This Week’s Movie: HOCUS POCUS

There were extensive technical problems at the start of this week’s showing of Hocus Pocus; perhaps they put me in a bad mood. Alternatively, I may have been annoyed by Halloween, a holiday which I have never been too excited about. Whatever the reason, the simple truth is that I was immune to this movie’s charms. It made me laugh a few times, but most of those laughs were unintentional, and when this movie tried to get a sincere response from me I found myself face-palming instead.

The villains of the film are introduced first: the Sanderson sisters, played by Kathy Najimy, Sarah Jessica Parker, and Bette Midler. They’re witches in 1693 Salem, and after doing a few evil things, they meet the same fate that all suspected witches met in Salem (Among this film’s many crimes: it may teach small children that some of the women who died in Salem were guilty). The witches are resurrected three hundred years later by Dani (Thora Birch), her older brother Max (Omri Katz), and his would-be love interest Allison (Vinessa Shaw). Supernatural hijinks follow, and because Bette Midler is involved, some of them are sure to involve singing.

On a scale from 1 to 10, this movie starts at 11 and only gets bigger. Movies aimed at young children are often hammy – just look at the previous year’s Aladdin – but Hocus Pocus is a ham sandwich where the bread, mayonnaise, lettuce, and tomato have all been replaced with additional slices of ham. Every joke is over-sold, to the point that the actors seemed to be elbowing me in the ribs while saying, “Get it?” after every line.

Now, I suppose if you’re going to go that big, Bette Midler is the actress to hire. Like most Broadway veterans, she can be as big as you want, and then double it just for fun. But this role is so big and so broad that I don’t understand how even very young children will believe her as a villain. The goofy bucktooth prosthesis, the campy posturing … maybe I’m too old to remember what scared me as a kid, but I would think it better for Midler to have some menace to her, like Margaret Hamilton in The Wizard of Oz. After all, the screenplay calls upon her to worship Satan and drink the souls of virgins.

Let’s focus on that last bit for a second. Hocus Pocus is one of the weirdest PG-rated pictures I’ve seen in a while. Like a lot of kids’ films, it goes to some strange places in order to entertain the adults in the audience. The witches’ spell book is bound in human flesh, written in blood, and has a single staring eye, but is anyone in the audience going to be impressed by those references to Sam Raimi’s The Evil Dead? A comedy sequence in the middle has Parker trying to seduce a man who’s dressed as a devil, because she thinks he’s the actual Satan; good luck explaining that one to the kiddies. As for the film’s obsession with the witches’ unique hunger, this is a film which will cause a lot of parents to field the awkward question, “what’s a virgin?”

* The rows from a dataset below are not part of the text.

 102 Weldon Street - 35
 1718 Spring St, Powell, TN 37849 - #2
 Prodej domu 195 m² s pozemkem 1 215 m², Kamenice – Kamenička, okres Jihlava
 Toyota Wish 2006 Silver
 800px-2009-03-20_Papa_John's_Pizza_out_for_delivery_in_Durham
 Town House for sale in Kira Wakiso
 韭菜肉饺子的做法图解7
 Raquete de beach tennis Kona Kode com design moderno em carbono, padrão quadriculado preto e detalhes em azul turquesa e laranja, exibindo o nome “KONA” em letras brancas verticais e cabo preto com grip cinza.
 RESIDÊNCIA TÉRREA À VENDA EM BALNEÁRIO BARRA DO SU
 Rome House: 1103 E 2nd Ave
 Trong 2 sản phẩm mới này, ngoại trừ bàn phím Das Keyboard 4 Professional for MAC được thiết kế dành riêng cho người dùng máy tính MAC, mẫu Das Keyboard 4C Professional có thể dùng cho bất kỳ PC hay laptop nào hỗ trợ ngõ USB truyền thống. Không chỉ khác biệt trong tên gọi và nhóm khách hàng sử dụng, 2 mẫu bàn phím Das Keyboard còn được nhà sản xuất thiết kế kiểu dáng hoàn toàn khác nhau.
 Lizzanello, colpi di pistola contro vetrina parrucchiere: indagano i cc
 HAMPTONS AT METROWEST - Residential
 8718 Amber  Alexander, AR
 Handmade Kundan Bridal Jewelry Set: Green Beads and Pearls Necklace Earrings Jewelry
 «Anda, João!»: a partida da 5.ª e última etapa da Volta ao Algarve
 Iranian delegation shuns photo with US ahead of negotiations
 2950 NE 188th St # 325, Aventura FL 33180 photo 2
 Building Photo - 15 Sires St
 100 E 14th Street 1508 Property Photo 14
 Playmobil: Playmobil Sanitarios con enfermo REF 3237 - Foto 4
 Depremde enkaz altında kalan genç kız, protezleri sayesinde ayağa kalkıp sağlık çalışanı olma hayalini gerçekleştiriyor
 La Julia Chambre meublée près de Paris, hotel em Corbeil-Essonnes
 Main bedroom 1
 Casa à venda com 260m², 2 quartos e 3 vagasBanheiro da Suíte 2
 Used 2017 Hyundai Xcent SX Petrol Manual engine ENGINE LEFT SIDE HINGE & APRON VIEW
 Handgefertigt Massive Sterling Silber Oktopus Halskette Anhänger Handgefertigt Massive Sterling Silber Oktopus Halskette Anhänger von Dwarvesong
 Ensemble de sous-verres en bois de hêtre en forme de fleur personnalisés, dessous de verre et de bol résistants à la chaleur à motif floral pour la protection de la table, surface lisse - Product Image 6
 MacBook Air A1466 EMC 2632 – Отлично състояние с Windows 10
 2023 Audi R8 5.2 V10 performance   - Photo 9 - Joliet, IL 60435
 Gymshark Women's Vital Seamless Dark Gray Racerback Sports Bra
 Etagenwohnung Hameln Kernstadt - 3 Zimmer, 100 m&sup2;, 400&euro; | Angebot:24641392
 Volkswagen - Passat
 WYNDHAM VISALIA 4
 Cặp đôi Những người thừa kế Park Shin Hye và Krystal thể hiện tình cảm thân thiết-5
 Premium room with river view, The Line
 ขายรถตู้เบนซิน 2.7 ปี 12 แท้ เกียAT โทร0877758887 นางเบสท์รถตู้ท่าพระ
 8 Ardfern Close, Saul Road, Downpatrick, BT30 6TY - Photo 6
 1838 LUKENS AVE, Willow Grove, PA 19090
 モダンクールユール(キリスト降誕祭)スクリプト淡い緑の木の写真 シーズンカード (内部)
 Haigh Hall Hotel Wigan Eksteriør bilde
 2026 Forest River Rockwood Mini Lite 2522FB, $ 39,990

The heroes do not fare much better. Shaw is game, and the movie deserves a bit of credit for making her capable enough that she’s more than just “the love interest.” However, Katz (who had a long TV career as a child actor on shows like Dallas and Eerie, Indiana) gets the lion’s share of heroic moments, and he’s just not good. His transitions between “sullen teenager” and “movie hero” come without warning and go just as fast. His big dramatic moment, where he tries to talk a cursed spirit into helping him, caused me to issue the loudest laughter I did all evening.

Before you think I hated every aspect of this movie, I do want to single out Sarah Jessica Parker for praise. Opposite Midler and Najimy, who were both far bigger stars at the time, she’s very subtle and steals quite a few scenes. She’s also the only one of the three witches who seems to have an actual character – basically, an overgrown child drunk on the power of being a witch – while Midler and Najimy seem to have been told, “just be you, but evil.” There were very few times that this film intentionally made me laugh, but every time it did, Parker was the reason. Unfortunately, Parker is a very small part of this movie, and the rest of it is tough to handle.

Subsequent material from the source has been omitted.